2006 finds me in Australia. The business is sold and I am now not working for anybody. It was a big and a challenging year. I had started riding Audax randonneuring events, many with my friend Karen over here who I met sometime in 2002 after my first cycle ride across Australia. We rode the Alpine Classic in January - the jersey is the first one in that array of jerseys you see. The mountain on that jersey is Mt Buffalo. When we reached Bright with 70 kms to go (up that mountain) the temperature was 42C. I remember well the crowds lining the streets when I got back into Porepunkah and Bright - they were cheering madly. I made it with 20 minutes to spare and was one of only 35% to finish. Nowadays the riders are stopped in Bright if the temperature is above 38C. This was a big cycling year as I was preparing to ride the pinnacle of Audax riding - the Paris Brest Paris 1200 km event - you will see the jerseys on the wall. In this year, I rode 12,000 kms including riding across Australia for the 3rd time from Darwin to Adelaide. 2006 was also the year that Lesley and I separated. And On June 21, 2006, my decision to leave South Africa was vindicated when my children's grandmother was murdered in her Cape Town home (aged 94). Rest in Peace Granny.

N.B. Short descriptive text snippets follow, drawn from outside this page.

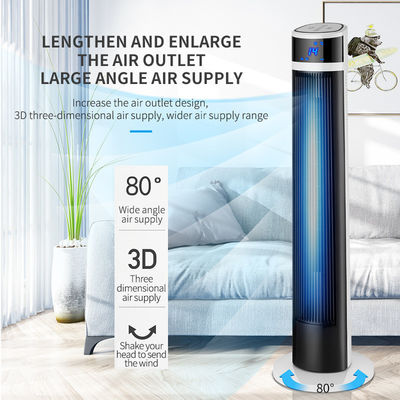 Ventilador eléctrico doméstico de control remoto conveniente para el temporizador de sala 220-240V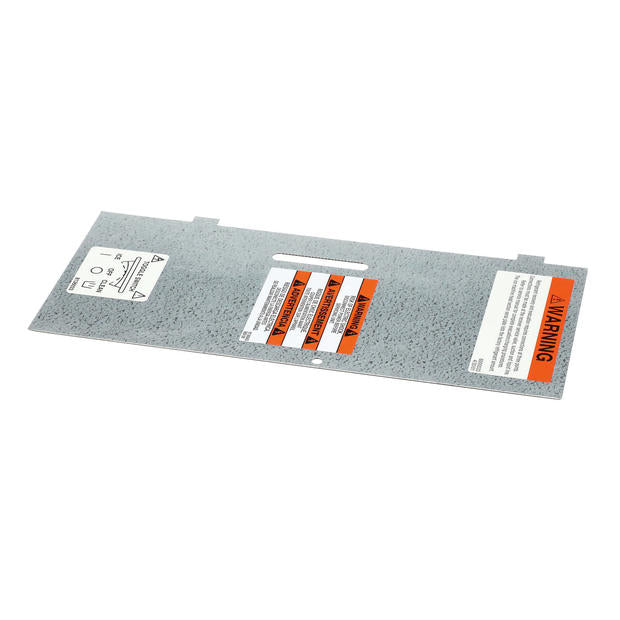 MANITOWOC ICE PARTS Manitowoc Ice 000002782 Control Box Cover Kit - SKU MAN000002782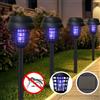 Swiatla Trappola solare per zanzare - Lampada cattura insetti da esterno IP65 con luce decorativa per giardino, cortile e prato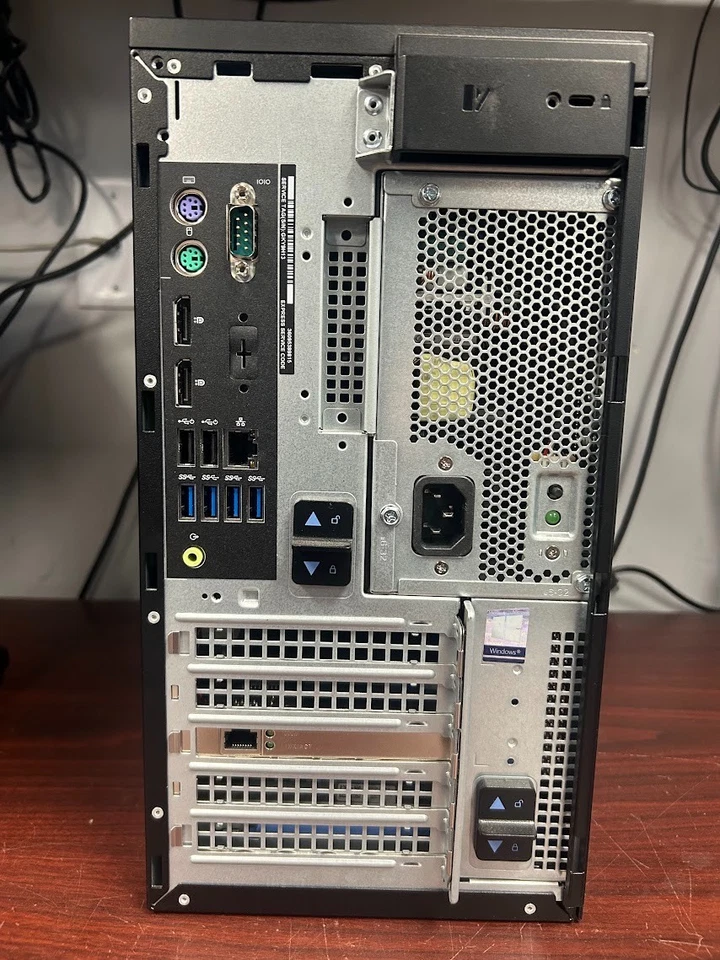 Dell Precision 3630 MT Intel Core i5-9500 3GHz, 32GB DDR4 RAM, NO DRIVE/OS #95 - Image 3 of 4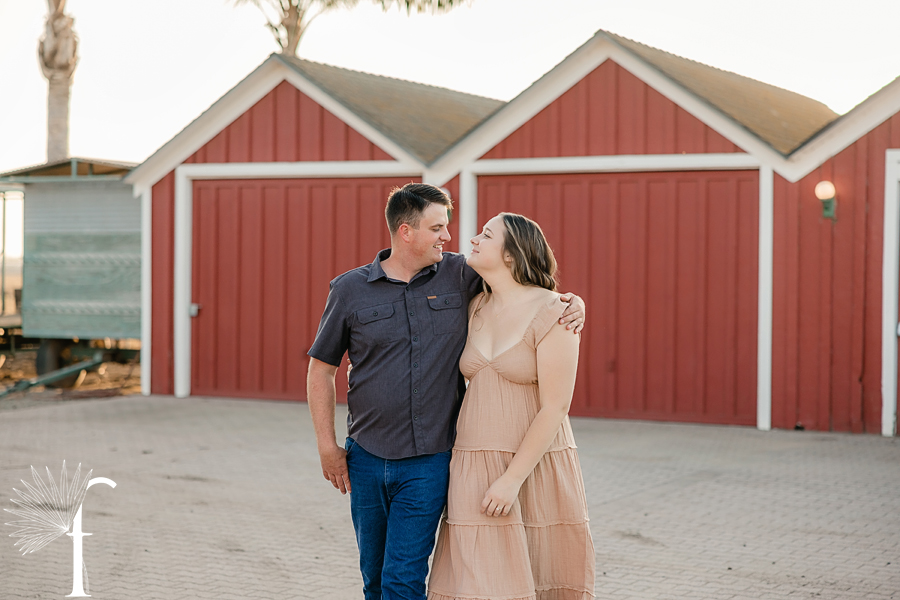 Camarillo Private Farm Engagement | Saige & Joey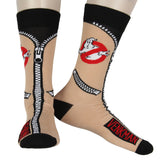 Ghostbusters Men's Novelty Movie Inspired 5-Pack Mid-Calf Crew Socks Shoe Size 6-12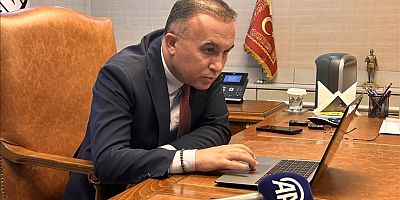 Gaziantep Valisi Kemal Çeber, AA'nın 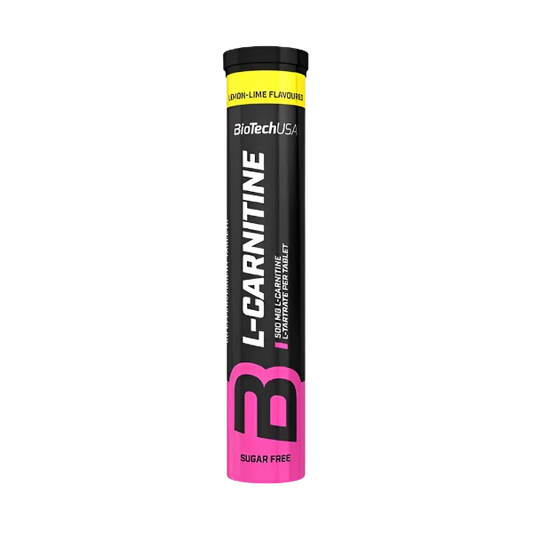 BioTechUSA L-Carnitine Effervescent Tablets (20 Tablets) / L-Carnitine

Here we are in 2016. In between these years, I have added another 4 trips across Australia. In all, two on the bicycle on the right (Giant road bike) and five on the folding bike on the left (Bike Friday). That is nothing compared to my friend Peter Shaw in the back there who cycled all around Australia in 2013 starting in Cairns and riding with Cycle Across Oz to Melbourne and then doing the last leg back to Cairns supported by his wife Jan. Back to the now, I am quite overwhelmed by the fact that you are all here [almost all of whom I have got to know in the last 10 years = the price of moving country a few times]. It is fabulous to see my two sons here. I thank you all for coming along to celebrate my journey. And I give all my thanks to Lorraine and to Richard for all the work they put in to put this together.